In quella circostanza, nelle prime ore del mattino, l’uomo, unitamente ad altri complici al momento non individuati, si introdusse in una abitazione della parte bassa di Termini Imerese, ritenendo probabile l’assenza degli occupanti. Inaspettatamente, si trovò dinanzi ad una giovane donna ancora a letto che ritenne di aggredire ed immobilizzare fino a costringerla ad aprire una cassaforte che conteneva denaro e gioielli.
Le indagini su quel crimine sono state condotte dalla Polizia di Stato, segnatamente da personale del Commissariato di P.S. “Termini Imerese” che ha raccolto una lunga serie di elementi indiziari, per i reati di rapina aggravata dal possesso di armi in concorso e lesioni personali in concorso, condivisi dall’Autorità Giudiziaria e confluiti nella sentenza di condanna di primo grado che ha consentito così di compiere un primo passo, anche se ancora non definitivo, sul caso della violenta rapina.

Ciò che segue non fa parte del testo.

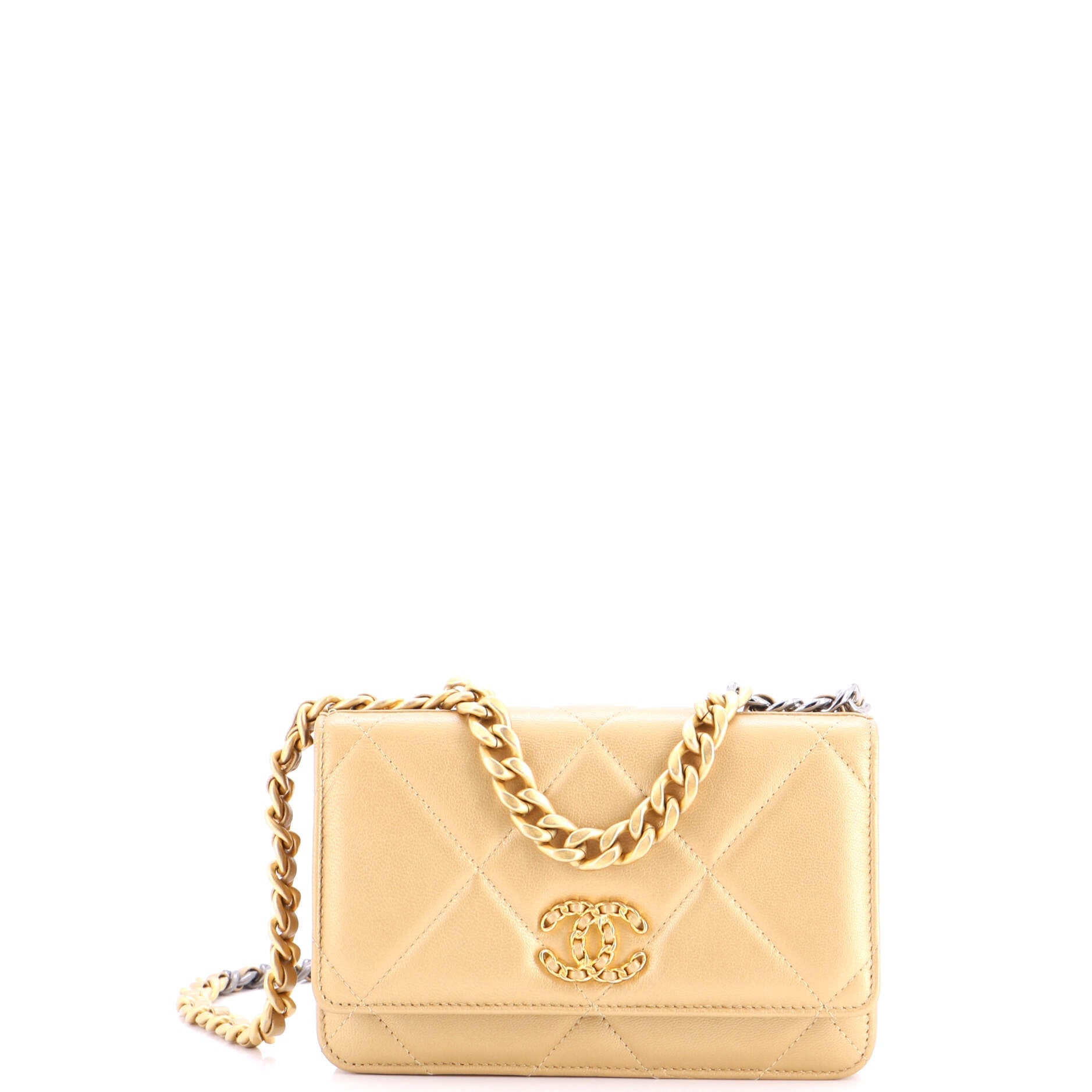 19 Wallet on Chain Quilted Lambskin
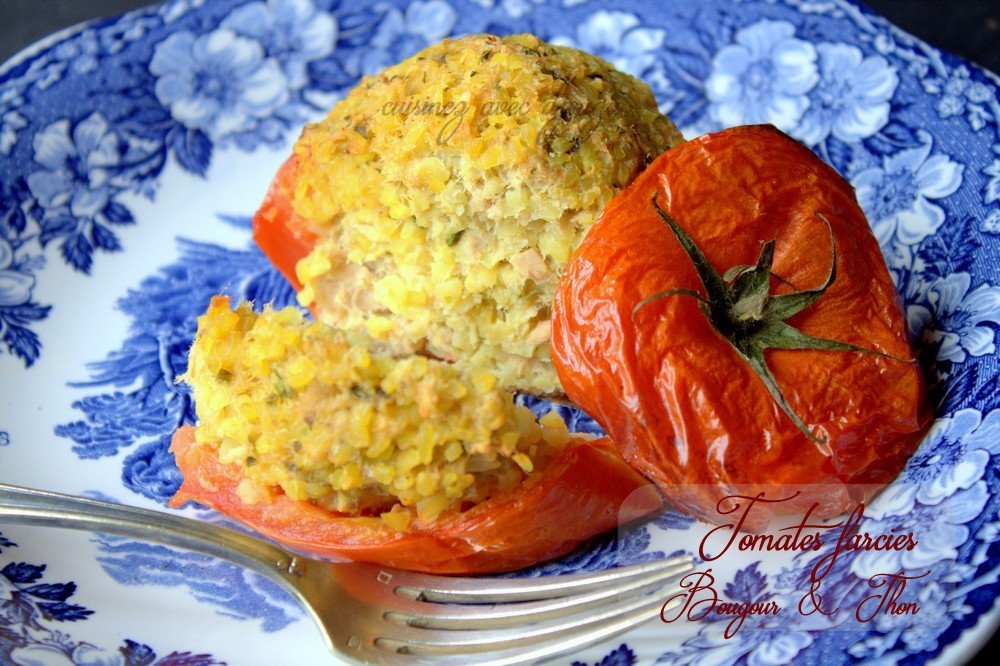 Tomates farcies au boulgour thon épices et coriandre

Il 36enne è stato raggiunto dal provvedimento di condanna, in carcere, laddove si trovava già recluso per la concomitanza di precedenti provvedimenti: una misura di Custodia Cautelare per la già citata rapina ed una condanna irrevocabile a 9 anni ed 8 mesi di reclusione per gravi reati, commessi nel messinese, quali associazione a delinquere, furto, rapina e detenzione di armi.
Anche in relazione a quest’ultima vicenda processuale, il 36enne ha manifestato un’indole insofferente alla disciplina di legge: l’uomo evase infatti dal regime degli arresti domiciliari qualche giorno prima dell’emissione della sentenza di condanna.
L’evaso, grazie ad un’incessante ed articolata attività investigativa dagli Agenti del Commissariato di P.S. di Termini Imerese, nel 2020, fu rintracciato in territorio straniero ove si era rifugiato unitamente all’intero suo nucleo familiare. In virtù dei vigenti accordi internazionali fu possibile estradarlo ed associarlo presso un istituto penitenziario del territorio nazionale.
E proprio dopo essere stato ristretto in carcere, fu raggiunto dalla misura cautelare ed oggi dalla condanna ad ulteriori 5 anni di reclusione, provvedimenti entrambi connessi alla rapina del 2013.